Rewrite Gramps XML importer?

Hi.
The title is a kind of “asking without expected answer”, because I do not have any plan to make a rewrite of the gramps importer.

I was just a little bit surprised how fast we could get a pseudo-serialization for primary objects, from a Gramps XML file. Sure, this is different to a commit on DB or checking during object creation. But it sounds like a simple DB dump.

I can try to copy something like the testcase used for testing (it looks like):

from xml.etree import ElementTree
      ...
     NAMESPACE = '{http://gramps-project.org/xml/1.7.2/}'
     ...
     tree = ElementTree.parse(filename)
     root = tree.getroot()
     ...
     for one in root.getchildren():
     ...
           for i in range(0, len(one.findall(NAMESPACE + 'event'))):
                event = one.findall(NAMESPACE + 'event')[i]
                lines.append(event.items())
                print('Event:', ElementTree.tostring(event))
            lazy = list(lines)
            print(lazy)

I suppose it should be “easy” to make a bridge to json or any way for a quick import of primary objects and related records.

For fun, I also looked at a pseudo timestamp revision control with a simple sum of timestamp values stored into Gramps XML. I know, this cannot be unique values when one removes some records but it is close to an UID for our Gramps XML file and backups.

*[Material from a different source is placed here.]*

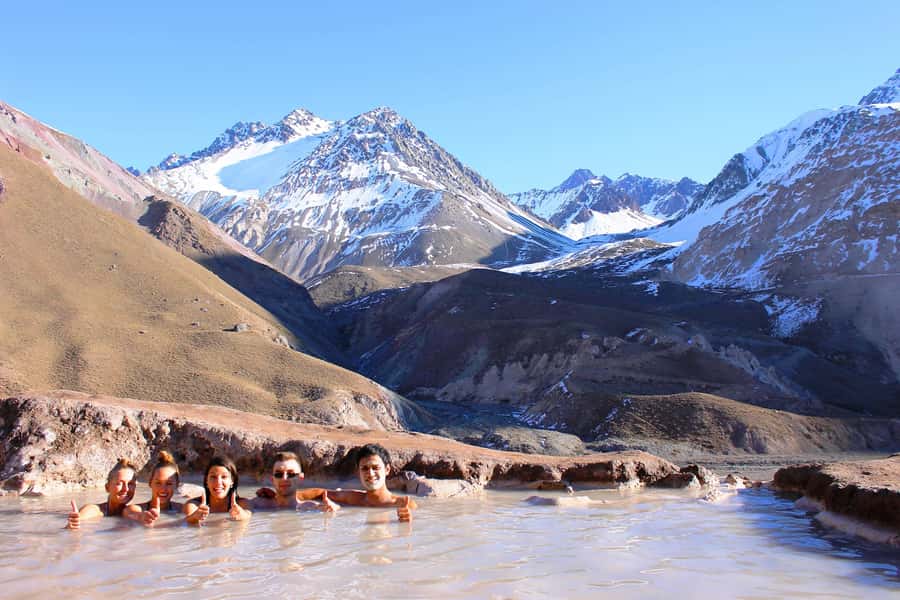 From Santiago: Maipo Canyon Volcano and Hot Spring Tour - A riverside lunch with Chilean wine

            for two in one.iter():
                if two.get('change') != None:
                    timestamp_int.append(int(two.get('change')))
            timestamp_control_like = sum(timestamp_int)
            print('Timestamp sum and control %d:' % timestamp_control_like)

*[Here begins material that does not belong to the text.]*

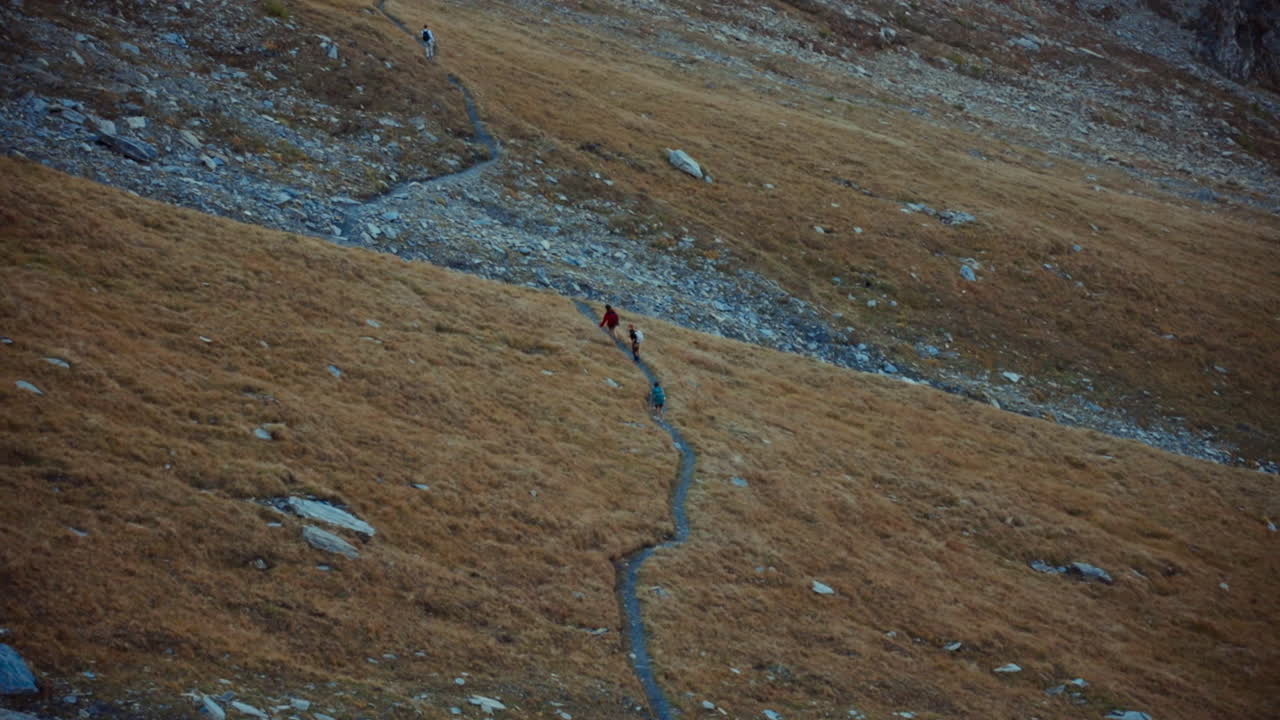 Tourists Hikers Walking Along Mountainous Trail in Italian Alps Region in Autumn Season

Are you suggesting exploration of optimizing the XML export to improve parsing performance and reducing overhead in subsequent imports?

Or is there another primary objective?

Sorry, this way (method) is now deprecated on python 3.9 and+.
Thank you, giotodibondone, for pointing this out.

Also, I should really think on a python version upgrade…

  1. XPath 1.0 support (Python 3.8)
  2. Namespaces improvements (Python 3.8+)
  3. Parser enhancements (Python 3.9)
  4. New indent() function (Python 3.9)
  5. Efficient Parsing with iterparse (Python 3.10)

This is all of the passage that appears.